Cette rencontre, qui ne portera pas sur les retraites, devrait déboucher sur la prolongation d'aides aux entreprises pour le soutien de l'emploi, arrêtées en février 2009. En revanche, les syndicats sont pessimistes sur la reconduction des aides aux ménages modestes et aux salariés précaires.
La réunion survient alors que les syndicats, en partie désunis, fourbissent leurs armes en vue de la révision, sans doute à la baisse, des régimes de pensions.

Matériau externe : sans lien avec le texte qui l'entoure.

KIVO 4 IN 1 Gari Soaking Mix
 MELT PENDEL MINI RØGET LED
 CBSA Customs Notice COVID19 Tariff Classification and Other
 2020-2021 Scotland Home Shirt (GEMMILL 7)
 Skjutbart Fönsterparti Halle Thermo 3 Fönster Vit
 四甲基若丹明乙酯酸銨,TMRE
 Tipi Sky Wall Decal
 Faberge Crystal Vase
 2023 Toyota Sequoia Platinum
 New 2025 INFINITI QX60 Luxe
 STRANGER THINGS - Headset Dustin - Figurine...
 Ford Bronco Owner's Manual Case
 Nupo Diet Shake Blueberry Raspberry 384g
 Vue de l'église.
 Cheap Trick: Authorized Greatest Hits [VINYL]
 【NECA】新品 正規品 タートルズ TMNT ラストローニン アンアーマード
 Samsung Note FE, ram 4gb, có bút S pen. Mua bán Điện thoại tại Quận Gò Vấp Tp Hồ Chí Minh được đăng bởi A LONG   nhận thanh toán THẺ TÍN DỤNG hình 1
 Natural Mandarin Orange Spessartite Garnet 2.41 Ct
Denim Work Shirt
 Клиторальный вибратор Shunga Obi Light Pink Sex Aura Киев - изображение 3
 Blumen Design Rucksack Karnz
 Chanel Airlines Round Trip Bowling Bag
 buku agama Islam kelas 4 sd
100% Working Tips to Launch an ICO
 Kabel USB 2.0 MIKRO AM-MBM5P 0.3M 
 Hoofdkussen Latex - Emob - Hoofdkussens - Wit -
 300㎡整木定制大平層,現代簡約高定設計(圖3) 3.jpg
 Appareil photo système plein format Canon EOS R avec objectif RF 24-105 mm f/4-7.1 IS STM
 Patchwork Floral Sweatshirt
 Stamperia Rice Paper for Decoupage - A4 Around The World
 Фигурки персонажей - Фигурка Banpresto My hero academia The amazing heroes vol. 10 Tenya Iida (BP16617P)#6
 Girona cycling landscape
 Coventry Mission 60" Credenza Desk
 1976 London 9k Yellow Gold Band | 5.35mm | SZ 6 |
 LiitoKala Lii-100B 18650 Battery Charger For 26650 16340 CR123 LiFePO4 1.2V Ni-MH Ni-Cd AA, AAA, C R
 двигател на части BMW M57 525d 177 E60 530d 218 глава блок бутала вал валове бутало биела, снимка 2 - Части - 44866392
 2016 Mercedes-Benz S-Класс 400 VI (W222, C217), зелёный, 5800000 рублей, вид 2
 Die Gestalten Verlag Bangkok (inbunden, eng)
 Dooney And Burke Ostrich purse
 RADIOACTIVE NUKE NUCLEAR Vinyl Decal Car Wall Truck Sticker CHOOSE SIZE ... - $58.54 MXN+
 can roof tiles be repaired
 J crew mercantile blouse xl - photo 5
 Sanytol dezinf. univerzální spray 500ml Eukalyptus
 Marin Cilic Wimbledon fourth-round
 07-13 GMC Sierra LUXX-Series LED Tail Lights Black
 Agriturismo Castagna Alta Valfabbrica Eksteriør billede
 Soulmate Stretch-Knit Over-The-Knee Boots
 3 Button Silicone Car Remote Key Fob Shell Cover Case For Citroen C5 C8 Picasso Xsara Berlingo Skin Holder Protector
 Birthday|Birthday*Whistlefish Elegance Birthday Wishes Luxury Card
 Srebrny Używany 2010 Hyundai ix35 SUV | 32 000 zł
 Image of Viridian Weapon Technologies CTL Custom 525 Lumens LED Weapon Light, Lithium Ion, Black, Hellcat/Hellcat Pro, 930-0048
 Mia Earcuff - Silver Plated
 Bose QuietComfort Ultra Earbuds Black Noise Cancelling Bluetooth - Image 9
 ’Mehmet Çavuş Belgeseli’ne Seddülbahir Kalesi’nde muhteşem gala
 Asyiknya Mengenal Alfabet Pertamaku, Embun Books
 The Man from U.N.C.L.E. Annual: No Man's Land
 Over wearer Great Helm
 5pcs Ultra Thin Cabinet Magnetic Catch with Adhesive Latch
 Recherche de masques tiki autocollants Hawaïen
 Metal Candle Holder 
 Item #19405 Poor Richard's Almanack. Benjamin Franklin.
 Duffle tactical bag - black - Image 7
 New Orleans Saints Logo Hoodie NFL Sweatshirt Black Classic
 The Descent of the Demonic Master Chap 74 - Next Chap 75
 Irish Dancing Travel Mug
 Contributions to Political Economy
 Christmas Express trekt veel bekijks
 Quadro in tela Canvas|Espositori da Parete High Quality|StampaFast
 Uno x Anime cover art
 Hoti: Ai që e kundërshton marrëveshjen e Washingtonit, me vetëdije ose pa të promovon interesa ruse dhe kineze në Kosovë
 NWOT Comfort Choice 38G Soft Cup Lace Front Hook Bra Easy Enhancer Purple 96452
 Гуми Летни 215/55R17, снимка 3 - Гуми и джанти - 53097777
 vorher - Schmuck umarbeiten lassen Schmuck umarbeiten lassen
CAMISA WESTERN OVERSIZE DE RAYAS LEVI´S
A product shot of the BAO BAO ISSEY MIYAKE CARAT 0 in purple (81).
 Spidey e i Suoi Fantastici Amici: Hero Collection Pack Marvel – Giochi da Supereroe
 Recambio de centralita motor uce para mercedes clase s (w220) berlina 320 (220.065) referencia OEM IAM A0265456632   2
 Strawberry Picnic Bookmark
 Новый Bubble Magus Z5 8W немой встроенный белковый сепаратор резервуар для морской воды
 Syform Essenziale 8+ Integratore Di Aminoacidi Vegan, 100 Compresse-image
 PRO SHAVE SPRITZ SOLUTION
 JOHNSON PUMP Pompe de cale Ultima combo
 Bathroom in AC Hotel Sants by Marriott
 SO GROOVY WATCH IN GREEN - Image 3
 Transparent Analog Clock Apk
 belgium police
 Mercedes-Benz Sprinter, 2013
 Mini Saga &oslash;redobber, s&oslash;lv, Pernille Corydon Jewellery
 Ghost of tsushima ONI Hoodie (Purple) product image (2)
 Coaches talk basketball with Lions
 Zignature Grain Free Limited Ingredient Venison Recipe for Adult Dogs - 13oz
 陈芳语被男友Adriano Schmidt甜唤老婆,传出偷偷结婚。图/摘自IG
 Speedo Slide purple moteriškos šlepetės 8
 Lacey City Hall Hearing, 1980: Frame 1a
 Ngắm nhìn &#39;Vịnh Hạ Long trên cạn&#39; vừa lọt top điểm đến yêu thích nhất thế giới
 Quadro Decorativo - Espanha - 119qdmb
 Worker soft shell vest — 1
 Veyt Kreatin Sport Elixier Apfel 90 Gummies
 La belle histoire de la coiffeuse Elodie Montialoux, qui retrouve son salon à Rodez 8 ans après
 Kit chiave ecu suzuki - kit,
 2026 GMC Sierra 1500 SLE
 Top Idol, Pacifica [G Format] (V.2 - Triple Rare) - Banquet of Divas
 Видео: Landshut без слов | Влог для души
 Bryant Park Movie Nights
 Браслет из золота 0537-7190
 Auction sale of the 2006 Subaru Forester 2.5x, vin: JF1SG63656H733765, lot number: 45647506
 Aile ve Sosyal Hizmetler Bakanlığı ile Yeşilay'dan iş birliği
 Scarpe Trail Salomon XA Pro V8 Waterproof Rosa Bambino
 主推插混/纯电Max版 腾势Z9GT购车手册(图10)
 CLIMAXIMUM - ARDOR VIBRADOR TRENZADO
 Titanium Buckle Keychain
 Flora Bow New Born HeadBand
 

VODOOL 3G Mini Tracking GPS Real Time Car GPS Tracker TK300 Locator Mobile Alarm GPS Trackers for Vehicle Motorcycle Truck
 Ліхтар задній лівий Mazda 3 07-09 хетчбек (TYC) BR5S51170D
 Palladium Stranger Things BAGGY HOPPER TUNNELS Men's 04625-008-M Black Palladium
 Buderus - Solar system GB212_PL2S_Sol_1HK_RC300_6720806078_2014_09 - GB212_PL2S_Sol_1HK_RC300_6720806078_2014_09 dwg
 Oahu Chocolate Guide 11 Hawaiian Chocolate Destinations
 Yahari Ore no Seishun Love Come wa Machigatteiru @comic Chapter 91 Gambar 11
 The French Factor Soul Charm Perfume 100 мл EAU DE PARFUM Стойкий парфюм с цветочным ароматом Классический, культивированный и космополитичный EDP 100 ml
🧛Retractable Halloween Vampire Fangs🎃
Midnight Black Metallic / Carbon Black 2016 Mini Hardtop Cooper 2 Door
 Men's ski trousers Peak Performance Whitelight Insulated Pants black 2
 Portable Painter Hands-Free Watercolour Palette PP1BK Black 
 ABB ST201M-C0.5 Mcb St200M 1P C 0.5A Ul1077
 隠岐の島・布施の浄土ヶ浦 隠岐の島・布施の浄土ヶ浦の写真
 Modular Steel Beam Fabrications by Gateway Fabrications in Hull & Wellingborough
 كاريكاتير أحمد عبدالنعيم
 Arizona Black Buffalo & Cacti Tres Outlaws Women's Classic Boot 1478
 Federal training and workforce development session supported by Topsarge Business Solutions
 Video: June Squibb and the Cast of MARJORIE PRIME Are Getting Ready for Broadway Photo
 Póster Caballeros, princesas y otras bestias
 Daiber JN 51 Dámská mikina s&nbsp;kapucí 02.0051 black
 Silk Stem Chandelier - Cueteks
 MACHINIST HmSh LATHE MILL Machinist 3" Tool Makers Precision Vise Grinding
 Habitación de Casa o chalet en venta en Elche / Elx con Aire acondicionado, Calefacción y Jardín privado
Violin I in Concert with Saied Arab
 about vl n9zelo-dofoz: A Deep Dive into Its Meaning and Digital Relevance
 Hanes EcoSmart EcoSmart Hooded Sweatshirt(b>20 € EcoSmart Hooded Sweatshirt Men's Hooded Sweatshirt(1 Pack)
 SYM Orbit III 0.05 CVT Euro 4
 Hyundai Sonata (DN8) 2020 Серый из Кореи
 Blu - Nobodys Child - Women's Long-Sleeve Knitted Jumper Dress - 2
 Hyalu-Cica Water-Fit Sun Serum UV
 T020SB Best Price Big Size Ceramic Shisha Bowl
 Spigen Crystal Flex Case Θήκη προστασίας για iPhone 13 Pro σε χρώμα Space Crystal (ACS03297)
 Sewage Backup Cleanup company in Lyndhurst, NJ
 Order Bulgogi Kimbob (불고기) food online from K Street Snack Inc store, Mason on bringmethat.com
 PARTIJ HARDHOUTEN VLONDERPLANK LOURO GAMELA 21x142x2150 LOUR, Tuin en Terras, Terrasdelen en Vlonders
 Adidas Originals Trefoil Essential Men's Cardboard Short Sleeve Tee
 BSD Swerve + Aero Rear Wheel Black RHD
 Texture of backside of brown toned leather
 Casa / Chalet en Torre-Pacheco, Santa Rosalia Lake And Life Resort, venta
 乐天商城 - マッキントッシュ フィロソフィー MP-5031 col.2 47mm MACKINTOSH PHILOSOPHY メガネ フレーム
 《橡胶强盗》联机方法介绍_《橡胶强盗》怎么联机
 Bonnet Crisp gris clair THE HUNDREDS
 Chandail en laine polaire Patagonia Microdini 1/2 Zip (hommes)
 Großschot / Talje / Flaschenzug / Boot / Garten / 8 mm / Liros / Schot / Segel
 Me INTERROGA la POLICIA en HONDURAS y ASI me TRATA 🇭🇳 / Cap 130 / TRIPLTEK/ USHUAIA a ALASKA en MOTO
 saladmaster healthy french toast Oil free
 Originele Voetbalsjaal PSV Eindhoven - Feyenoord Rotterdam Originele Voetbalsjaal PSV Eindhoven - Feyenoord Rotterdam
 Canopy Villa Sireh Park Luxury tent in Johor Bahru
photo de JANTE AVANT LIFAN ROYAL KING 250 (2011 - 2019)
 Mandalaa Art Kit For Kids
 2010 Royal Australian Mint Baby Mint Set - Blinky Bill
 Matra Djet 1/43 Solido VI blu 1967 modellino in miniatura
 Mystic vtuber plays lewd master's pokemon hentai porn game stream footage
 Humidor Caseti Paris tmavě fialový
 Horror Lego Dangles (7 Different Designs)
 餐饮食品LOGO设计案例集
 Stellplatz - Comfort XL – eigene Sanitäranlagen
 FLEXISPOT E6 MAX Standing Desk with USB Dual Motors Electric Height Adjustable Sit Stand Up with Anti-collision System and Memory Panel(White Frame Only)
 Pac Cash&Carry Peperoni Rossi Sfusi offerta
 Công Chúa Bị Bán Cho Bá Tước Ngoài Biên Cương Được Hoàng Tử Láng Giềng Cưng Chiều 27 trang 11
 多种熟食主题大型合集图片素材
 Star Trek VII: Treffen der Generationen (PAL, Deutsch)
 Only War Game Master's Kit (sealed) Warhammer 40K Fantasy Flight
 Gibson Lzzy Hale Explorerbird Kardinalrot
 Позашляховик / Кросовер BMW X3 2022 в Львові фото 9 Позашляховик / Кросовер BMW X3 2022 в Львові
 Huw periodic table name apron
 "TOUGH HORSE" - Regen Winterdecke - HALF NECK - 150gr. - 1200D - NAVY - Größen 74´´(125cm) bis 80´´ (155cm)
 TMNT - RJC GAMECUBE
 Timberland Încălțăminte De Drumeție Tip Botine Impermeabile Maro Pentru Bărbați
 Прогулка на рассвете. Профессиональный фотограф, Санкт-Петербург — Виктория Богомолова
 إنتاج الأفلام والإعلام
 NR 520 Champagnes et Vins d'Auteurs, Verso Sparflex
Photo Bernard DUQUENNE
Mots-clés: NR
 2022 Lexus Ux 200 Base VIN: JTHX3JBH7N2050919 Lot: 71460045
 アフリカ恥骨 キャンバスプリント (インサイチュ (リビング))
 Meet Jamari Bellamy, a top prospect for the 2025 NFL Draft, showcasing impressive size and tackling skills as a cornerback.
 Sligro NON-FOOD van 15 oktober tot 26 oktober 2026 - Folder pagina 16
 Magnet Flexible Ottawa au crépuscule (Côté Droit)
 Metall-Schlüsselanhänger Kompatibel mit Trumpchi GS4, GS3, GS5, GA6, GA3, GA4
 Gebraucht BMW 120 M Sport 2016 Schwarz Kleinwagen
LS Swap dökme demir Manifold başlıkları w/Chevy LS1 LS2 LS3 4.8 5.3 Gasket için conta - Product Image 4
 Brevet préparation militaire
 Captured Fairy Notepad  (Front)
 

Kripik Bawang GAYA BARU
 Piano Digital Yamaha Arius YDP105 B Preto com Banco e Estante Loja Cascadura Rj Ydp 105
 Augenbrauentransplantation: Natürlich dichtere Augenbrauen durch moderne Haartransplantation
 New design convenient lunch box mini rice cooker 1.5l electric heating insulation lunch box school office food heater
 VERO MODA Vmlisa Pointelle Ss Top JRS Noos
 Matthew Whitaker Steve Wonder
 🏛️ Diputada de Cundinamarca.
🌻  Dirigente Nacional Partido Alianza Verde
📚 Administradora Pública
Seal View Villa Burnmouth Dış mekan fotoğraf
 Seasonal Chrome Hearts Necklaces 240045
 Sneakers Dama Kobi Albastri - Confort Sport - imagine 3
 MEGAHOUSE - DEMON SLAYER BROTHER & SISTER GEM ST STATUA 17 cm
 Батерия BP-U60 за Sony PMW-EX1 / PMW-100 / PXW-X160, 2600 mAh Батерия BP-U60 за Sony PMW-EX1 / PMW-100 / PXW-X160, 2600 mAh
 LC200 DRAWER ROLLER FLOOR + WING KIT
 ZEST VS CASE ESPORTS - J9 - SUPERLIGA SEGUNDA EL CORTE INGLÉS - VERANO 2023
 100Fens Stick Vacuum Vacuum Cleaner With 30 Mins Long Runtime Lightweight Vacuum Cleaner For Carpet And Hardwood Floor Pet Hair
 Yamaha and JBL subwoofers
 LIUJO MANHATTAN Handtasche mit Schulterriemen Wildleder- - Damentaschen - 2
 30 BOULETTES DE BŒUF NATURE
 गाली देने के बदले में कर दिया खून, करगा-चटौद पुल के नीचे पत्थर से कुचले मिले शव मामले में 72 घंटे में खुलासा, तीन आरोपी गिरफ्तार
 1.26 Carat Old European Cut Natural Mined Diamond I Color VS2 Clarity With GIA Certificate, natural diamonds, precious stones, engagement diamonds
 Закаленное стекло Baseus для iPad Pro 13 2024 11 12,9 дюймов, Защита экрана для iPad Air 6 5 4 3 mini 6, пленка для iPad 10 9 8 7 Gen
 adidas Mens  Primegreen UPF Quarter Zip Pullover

Cinq d'entre eux (CGT, CFDT, FSU, Solidaires et Unsa) ont annoncé jeudi une journée "de grèves et de manifestations" le 27 mai qui portera, outre les retraites, sur l'emploi et les salaires. FO a appelé séparément à "une grève interprofessionnelle" le 15 juin, uniquement sur les retraites.
Les Cinq réclament "une relance économique intégrant la satisfaction des besoins sociaux".
Tout le contraire du programme de François Fillon. Sur fond de crise financière en Europe, le Premier ministre a affirmé jeudi que, pour réduire les déficits, les dépenses de l'Etat seraient "gelées en valeur" pour les trois ans à venir et que, entre autres, les aides sociales et à l'emploi seraient soumises à "un réexamen".
Pour les syndicats, c'est "un plan d'austérité" qu'ils "condamnent", alors que le redémarrage de l'économie n'est pas assuré.
Malgré la montée en puissance des contrats aidés et la stabilisation, au moins momentanée, du chômage, la situation de l'emploi demeure alarmante, avec quatre millions de personnes inscrites comme demandeurs, dont près de 1,4 million depuis plus d'un an.
Selon Pôle emploi, il faudra attendre 2011 pour voir diminuer le chômage. Encore ne ferait-il que revenir fin 2011 au niveau de fin 2009.
En outre, le "plan rebond" pour les chômeurs en fin de droits (formations, allocation exceptionnelle), doté de 705 millions d'euros apportés par l'Etat et l'assurance chômage, n'est pas encore opérationnel.
Les syndicats insisteront lourdement sur le renforcement nécessaire des moyens de Pôle emploi, où trop d'inscrits sont livrés à eux-mêmes, disent-ils.
Selon Gabrielle Simon (CFTC), le gouvernement veut prolonger le dispositif "zéro charges" pour les très petites entreprises et favoriser le maintien des séniors en entreprise en développant le tutorat.
Ce syndicat s'attend plutôt à une prolongation des aides aux employeurs recrutant un apprenti, "au moins pour passer le cap de la rentrée scolaire".
Mais la réduction d'impôts dont ont bénéficié plus de trois millions de foyers modestes en 2009 pourrait faire les frais de la rigueur.
"On n'est pas naïfs sur les objectifs du sommet, c'est plus un outil de communication", souligne Maurad Rabhi (CGT), qui réclame "des mesures fortes pour la consommation".
L'ensemble des syndicats continue aussi de demander la remise en cause de la loi favorisant les heures supplémentaires, dans une période de chômage élevé. "On a un nombre important d'entreprises qui ont fait un plan social et qui aujourd'hui utilisent les heures supplémentaires, c'est scandaleux", s'insurge François Chérèque.